How do you prove that a closed integral around a vector field must be a multiple of $2\pi$?

Question

A closed line integral is always going to be equal to $2\pi n$ where n is some integer:

$$\oint d\mathbf{R}\cdot\mathbf{A}(\mathbf R)=2\pi n$$

Why is this the case?

Answer 1

If ${\bf F}=(P,Q)$ is any old vector field in the plane ${\mathbb R}^2$, and $\gamma$ is a closed curve therein then the value of the line integral $$\int_\gamma {\bf F}\cdot d {\bf z}\tag{1}$$ can be any real number whatsoever. Physicists can interpret this value as work done (or received) when a cart is moved against the force ${\bf F}$ along $\gamma$.

There are some fields ${\bf F}$, called conservative, for which the integral $(1)$ is $=0$ for all closed curves $\gamma$. Such fields are gradients of some potential function $f:\>{\mathbb R}^2\to{\mathbb R}$, i.e., one has ${\bf F}=\nabla f$. A necessary cndition for this to be the case is that ${\rm curl}({\bf F})=Q_x-P_y\equiv0$.

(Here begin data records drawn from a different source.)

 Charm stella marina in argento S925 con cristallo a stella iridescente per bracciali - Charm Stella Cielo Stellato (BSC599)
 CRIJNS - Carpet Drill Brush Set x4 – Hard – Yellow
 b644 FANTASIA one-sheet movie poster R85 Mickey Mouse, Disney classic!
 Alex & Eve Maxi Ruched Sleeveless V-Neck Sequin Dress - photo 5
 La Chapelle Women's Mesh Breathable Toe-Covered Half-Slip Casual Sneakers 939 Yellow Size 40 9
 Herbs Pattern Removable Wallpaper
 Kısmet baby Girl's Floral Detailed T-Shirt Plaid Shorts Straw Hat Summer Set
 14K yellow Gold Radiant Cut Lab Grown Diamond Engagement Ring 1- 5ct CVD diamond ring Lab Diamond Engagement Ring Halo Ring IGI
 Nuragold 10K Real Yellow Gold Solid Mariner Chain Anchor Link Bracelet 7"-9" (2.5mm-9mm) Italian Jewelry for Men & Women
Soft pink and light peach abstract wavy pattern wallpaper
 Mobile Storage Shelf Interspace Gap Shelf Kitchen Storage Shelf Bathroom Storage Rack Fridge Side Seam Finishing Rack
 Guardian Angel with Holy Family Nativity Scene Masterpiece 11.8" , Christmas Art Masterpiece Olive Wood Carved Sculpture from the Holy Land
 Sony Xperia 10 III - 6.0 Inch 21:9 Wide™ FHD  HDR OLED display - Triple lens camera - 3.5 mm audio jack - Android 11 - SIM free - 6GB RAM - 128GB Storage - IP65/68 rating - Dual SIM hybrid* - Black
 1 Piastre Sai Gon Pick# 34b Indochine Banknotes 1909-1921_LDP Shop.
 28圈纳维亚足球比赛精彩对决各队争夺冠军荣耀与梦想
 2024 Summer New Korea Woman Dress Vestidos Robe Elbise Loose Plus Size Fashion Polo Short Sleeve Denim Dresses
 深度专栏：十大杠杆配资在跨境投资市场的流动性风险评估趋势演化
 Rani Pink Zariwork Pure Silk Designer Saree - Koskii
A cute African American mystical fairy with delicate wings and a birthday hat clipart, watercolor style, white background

Now there is this special field $${\bf A}(x,y)=\nabla{\rm arg}(x,y)=\left({-y\over x^2+y^2},{x\over x^2+y^2}\right)\ ,$$ which is only defined in the punctured plane ${\mathbb R}^2\setminus\{{\bf 0}\}$. Even though ${\rm curl}({\bf A})\equiv0$ this field is not conservative. The line integral $$\int_\gamma {\bf A}\cdot d {\bf z}\tag{2}$$ for closed curves $\gamma$ that avoid the origin has a geometrical meaning: It is the sum of all increments $\Delta\phi$ of the polar angle $\phi$ along $\gamma$. If the given $\gamma$ goes $n\in{\mathbb Z}$ times counterclockwise around the origin then the value of $(2)$ is $2\pi n$.

Answer 2

Try to write same integral as a contour integral of some complex function. If the corresponding complex valued function has one(may be more) singularity on region inside the curve with residue $-ni$ then the integral is $2\pi i (-in)=2\pi n$. I assumed that the corresponding complex function is exist but I don't know if it is the case always.